The story follows an eclectic group of seemingly unconnected characters around the world as their lives start to intersect in the most unexpected ways, all triggered by the news that a comet is on an unavoidable collision course towards earth.
This is the first episode picking up after the fairly seismic revelations of last week; there was, obviously, a hell of a lot to live up to here. And I think it’s fair to say that this episode absolutely lived up to those expectations – I’d go so far as to say that it was the best episode of the series so far.
There were three main plot threads to this episode; the most important of which being, I think, the meeting between Jamie and Layla – which has been set up for a while now – and their inevitable confrontation. It was honestly fantastic; Layla is a rather wonderful, and very likeable character. There was a danger, I think, that perhaps the audience wouldn’t like her, given what happened between her and Jamie, but they’ve managed to avoid that entirely; Karla Crome, who plays Layla, gave a great performance. She’s a very charismatic character, in many regards – her courtroom scene is very endearing – but there’s a vulnerability to her which I think would earn her the sympathy of much of the audience.
Mat Baynton once again did a fantastic job with his dual role as the two twins; Jamie, dealing with further revelations about Layla, but at the same time overjoyed to meet his daughter, and Ariel, who remains a complete psychopath. It’s a testament to his acting that he can pull this off so well. Joel Fry was also rather wonderful, still; not just as part of a comic double act, but with his quiet conversation to Layla, about the pain she’s caused Jamie over the years. Really excellent stuff.
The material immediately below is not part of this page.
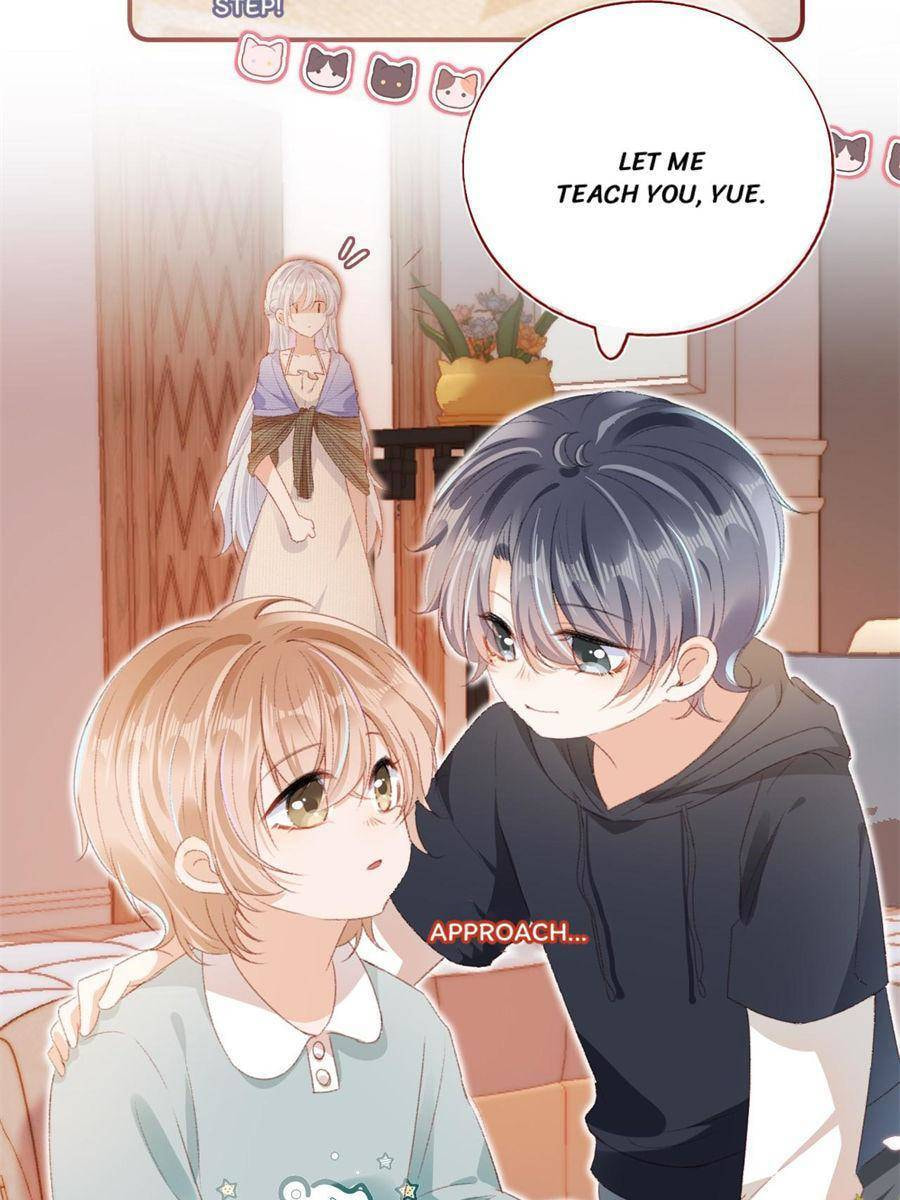 Breed Future Male Leads Chapter 10 page 26 - 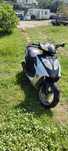 Scooter Kinroad xt 125 s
Stronger still, I’d say, was the Operation Saviour plot thread. Scotty has become one of my favourite characters, hands down; Kyle Soller did a great job of portraying Scotty agonising over his decisions, showing a genuine depth of internal conflict over whether or not he should turn Rhonda into the police. In the end, he did, because of course he did – it was the fate of the world. It was an absolutely tragic set of circumstances, but it was so well realised, in terms of the acting and the writing. An excellent piece of work from all involved.
That, in fact, was my favourite aspect of the episode – compelling though the meeting between Jamie and Layla was, the story of Scotty, Rhonda, Rajesh and General Gaines was thoroughly absorbing on a whole other level. Genuinely impressive stuff here. The final moment, where Gaines was able to set up a meeting between Rhonda, Scotty and Rajesh was lovely; melancholy and bittersweet, it was a rather wonderful moment.
Father Jude and Sister Celine ended up with the more comedic plotline this week; it turned out that the Messiah they were investigating this week was, in fact, hosting a large orgy. It was quite funny in place (”Ruthless, like Brangelina”), but also prompted Jude and Celine to finally formalise – and consummate – their relationship. Which is… well, it’s been inevitable from the start, and the pair certainly had chemistry together, but I do wonder if it was necessarily the most interesting path to lead the two characters down.
All in all, though, I really, really enjoyed this episode. Two very dramatic, compelling plotlines, and one entertaining and funny plotline. This is certainly the best episode so far.